A dearth of men? Lydia repeated the phrase, anxiously searching her sisters’ faces: was this indeed the case? Was England running out of men?
Her father raised his eyes to heaven; Sarah, meanwhile, made big astonished eyes at Mrs Hill: a new servant joining the household! A manservant! Why hadn’t she mentioned it before? Mrs Hill, clutching the coffee pot to her bosom, made big eyes back, and shook her head: shhh! I don’t know, and don’t you dare ask! So Sarah just gave half a nod, clamped her lips shut, and returned her attention to the table, proffering the platter of cold ham: all would come clear in good time, but it did not do to ask. It did not do to speak at all, unless directly addressed. It was best to be deaf as a stone to these conversations, and seem as incapable of forming an opinion on them.

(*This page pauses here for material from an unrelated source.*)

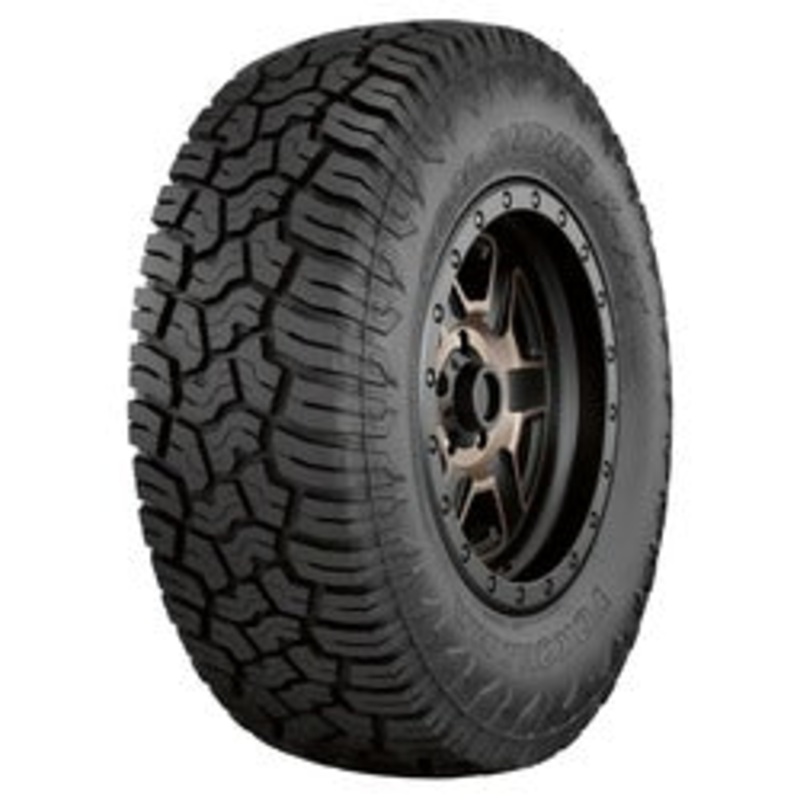 37×12.50R18/10 Yokohama Geolandar X-AT Tires Set of 6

Miss Mary lifted the serving fork and skewered a slice of ham. ‘Papadoesn’t mean your beaux, Lydia – do you, Papa?’
Mr B., leaning out of the way so that Mrs Hill could pour his coffee, said that indeed he did not mean her beaux: Lydia’s beaux always seemed to be in more than plentiful supply. But of working men there was a genuine shortage, which is why he had settled with this lad so promptly – this with an apologetic glance to Mrs Hill, as she moved around him and went to fill his wife’s cup – though the quarter day of Michaelmas was not quite yet upon them, it being the more usual occasion for the hiring and dismissal of servants.
‘You don’t object to this hasty act, I take it, Mrs Hill?’
‘Indeed I am very pleased to hear of it, sir, if he be a decent sort of fellow.’
‘He is, Mrs Hill; I can assure you of that.’
‘Who is he, Papa? Is he from one of the cottages? Do we know the family?’
Mr B. raised his cup before replying. ‘He is a fine upstanding young man, of good family. I had an excellent character of him.’
‘I, for one, am very glad that we will have a nice young man to drive us about,’ said Lydia, ‘for when Mr Hill is perched up there on the carriage box it always looks like we have trained a monkey, shaved him here and there and put him in a hat.’
Mrs Hill stepped away from the table, and set the coffee pot down on the buffet.
‘Lydia!’ Jane and Elizabeth spoke at once.
‘What? He does, you know he does. Just like a spider-monkey, like the one Mrs Long’s sister brought with her from London.’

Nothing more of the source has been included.